▶ **YOUR INSTRUCTIONS**
Pictures are not part of the answer. Return the lines from the one containing "Global Industrial Blue" through the end of the data, both included, exactly as they appear.

LISTED RECORDS below:

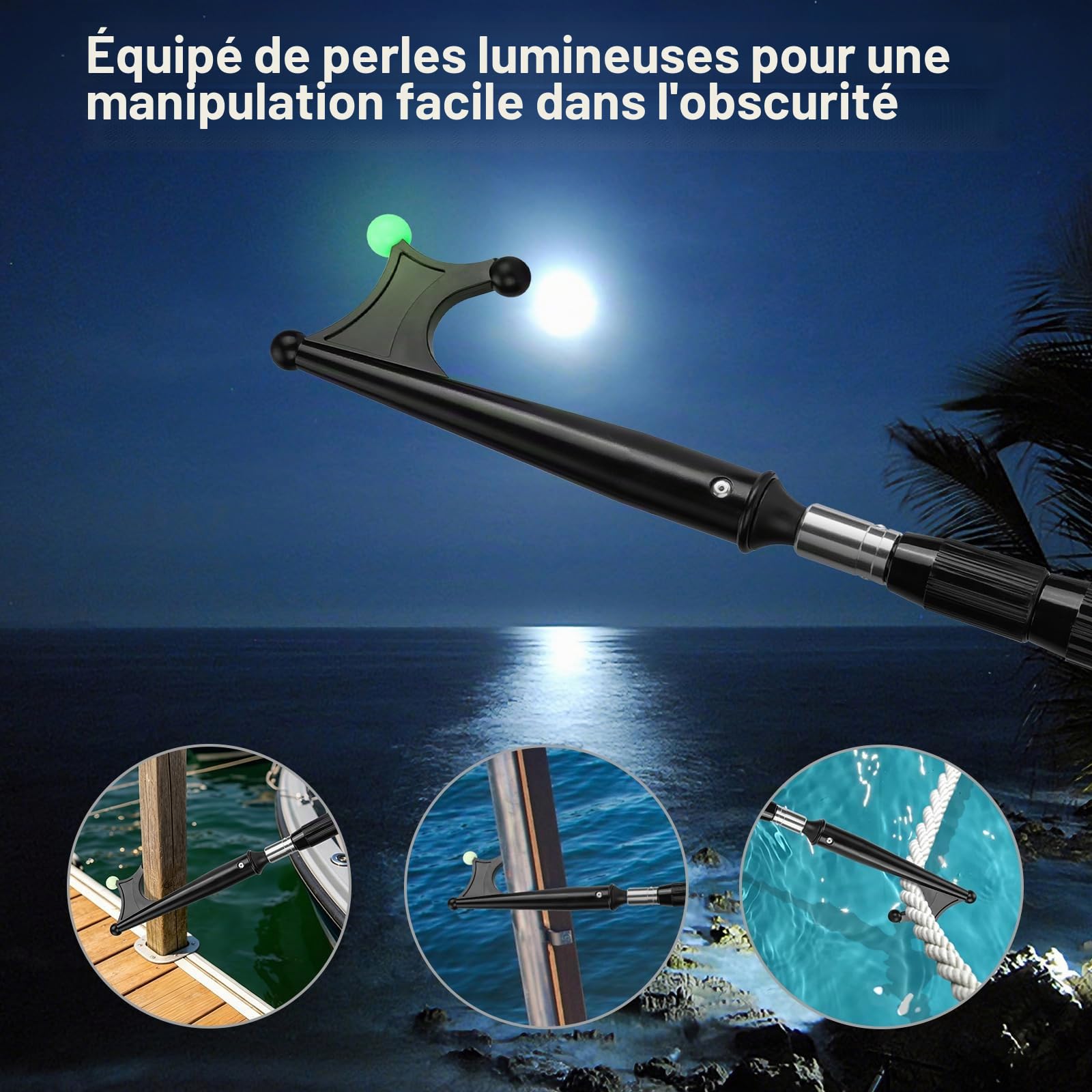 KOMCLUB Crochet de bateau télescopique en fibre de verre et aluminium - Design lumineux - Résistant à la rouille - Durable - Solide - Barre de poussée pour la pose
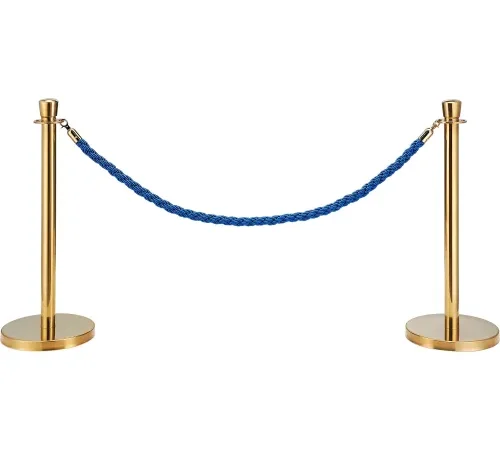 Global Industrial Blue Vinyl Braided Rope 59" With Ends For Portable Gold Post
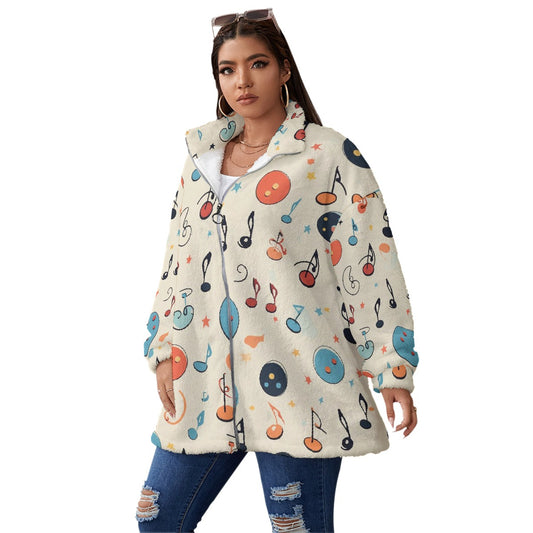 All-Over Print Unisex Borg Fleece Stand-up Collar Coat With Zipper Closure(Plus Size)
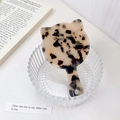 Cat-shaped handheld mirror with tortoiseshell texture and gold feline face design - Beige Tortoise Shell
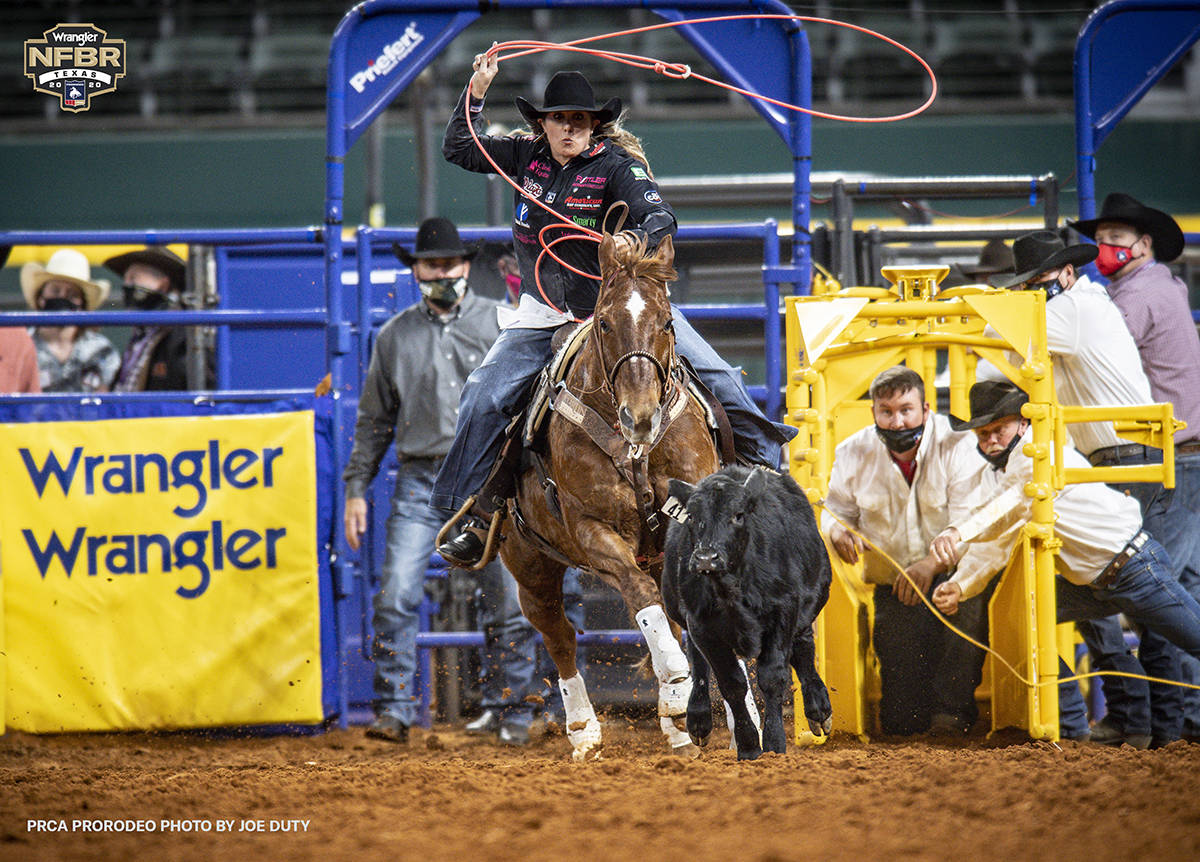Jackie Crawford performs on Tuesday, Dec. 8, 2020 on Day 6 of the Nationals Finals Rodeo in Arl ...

End of LISTED RECORDS.

▶ **EXERCISE ANSWER**
 Global Industrial Blue Vinyl Braided Rope 59" With Ends For Portable Gold Post
 All-Over Print Unisex Borg Fleece Stand-up Collar Coat With Zipper Closure(Plus Size)
 Cat-shaped handheld mirror with tortoiseshell texture and gold feline face design - Beige Tortoise Shell
Jackie Crawford performs on Tuesday, Dec. 8, 2020 on Day 6 of the Nationals Finals Rodeo in Arl ...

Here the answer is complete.